Given the following numpy matrix:
import numpy as np
mymatrix = mymatrix = np.matrix(\'-1 0 1; -2 0 2; -4 0 4\')
matrix([[-1, 0, 1],
[-2, 0, 2]
Apparently the way to apply a function to elements is to convert your function into a vectorized version that takes arrays as input and return arrays as output.

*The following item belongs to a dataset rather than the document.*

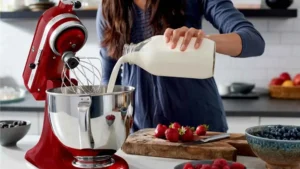 Batedeira KitchenAid Artisan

You can easily convert your function to vectorized form using numpy.vectorize
as follows:
myfunc_vec = np.vectorize(myfunc)
result = myfunc_vec(mymatrix)
or for a one shot usage:
np.vectorize(myfunc)(mymatrix)
As pointed out by @Divakar, it's better (performance-wise) if you can write an already vectorized function from scratch (using numpy built ufuncs without using numpy.vectorize
) like so:
def my_vectorized_func(m):
return 1/(1+np.exp(-m)) # np.exp() is a built-in ufunc
myvectorized_func(mymatrix)
Since numpy.exp is already vectorized (and math.exp
wasn't) the whole expression 1/(1+np.exp(-m))
will be vectorized (and faster that applying my original function to each element).
The following complete example produced the required output:
import numpy as np
mymatrix = mymatrix = np.matrix('-1 0 1; -2 0 2; -4 0 4')
import math
def myfunc(z):
return 1/(1+math.exp(-z))
np.vectorize(myfunc)(mymatrix) # ok, but slow
def my_vectorized_func(m):
return 1/(1+np.exp(-m))
my_vectorized_func(mymatrix) # faster using numpy built-in ufuncs
Just in case this helps, scipy has a sigmoid function you can directly call on a matrix.